I put out my smoke. “I guess I’ll be leaving.”
She uncrossed her bird legs and sat forward.
“I should go, too. Listen, you were wrong about my being out of your league. I want you to know that.”
“Thanks, Shelly. See you on Monday.”
She watched me leave. I walked down Burnside and bought a coffee. I walked the river and sat next to a sleeping bum. There was another bench empty, but it was covered in bird shit. A boat hauling a barge floated by. The bum shifted and made a loud honking sound. I got up and walked into downtown. I bought a drink and watched the people on the sidewalk. It had been a short summer. There was a week of frozen streets. It was getting ready snow again. I walked into Chinatown and ate a cheap lunch. Down on the street two cops were walking up on an old man with a string of shopping carts. He had the carts tied together. One of the cops nodded to him.
“This your train?”
The old man lit a rolled cigarette and smoked through his long beard.
“It ain’t no fuckin’ train. But, yeah, it’s mine.”
I heard them going back and forth behind me. Portland was soft but it was hard. I didn’t know anybody anymore. I had been there six years. There was sometimes a flurry of people, then it would die off, then there was a girl here and there, and she would die off. I hadn’t had a girl in almost a year. I mostly stayed in my room.
I opened the drapes and wrote about the job, the building, Dave and the schizophrenic. For some reason, I laid down and jacked off thinking about fucking Shelly. I had her on her desk and her bird legs were wrapped around my waist, her thirsty hair soaked with sweat. It was a good one. I shot over my shoulder.
The phone rang. It was her. “Hello, Kurt.”
“Hello.”
“It’s Shelly.”
“I know.”
“This is awkward. Listen, Manny just put his fist through our living room window and walked out. Apparently he was lingering by the door after he left and heard everything I said to you. Pretty low, if you ask me.”
“Oh, he’s a fucker.”
I wiped off with my sheet and pulled my shirt back down.

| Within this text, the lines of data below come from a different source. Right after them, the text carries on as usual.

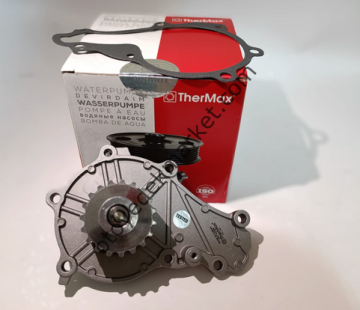 Citroen C3 (2005-2010) 1.6 Hdi Devirdaim (Thermax)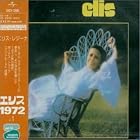 Elis 1972 by Elis Regina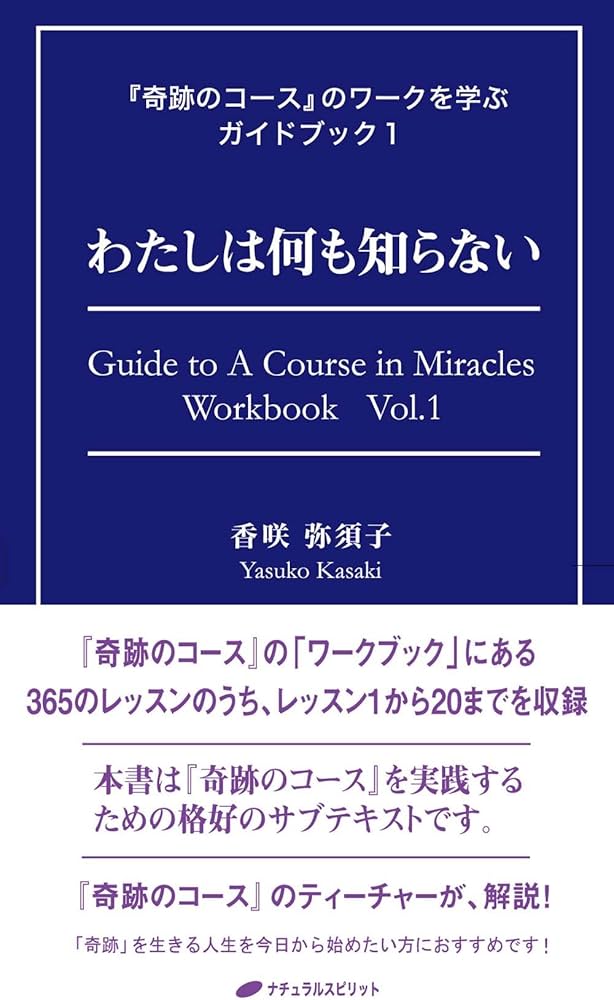 わたしは何も知らない (『奇跡のコース』のワークを学ぶガイドブック1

She sighed. “You really threw me for a loop in my office, what you said to me.”
“It’s alright, Shelly. No need for me to go back there.”
“Thank you, Kurt. I really appreciate that. Listen, why don’t I stop by for a little while?”
I hung up. It rang back and I unplugged it. I heard Dave knocking on the door across from me, yelling about someone being in her room after ten pm. It had cost me next to nothing to live there, but next to nothing is what it was. I sat up and found my sweater and pulled my duffel bag from under the bed.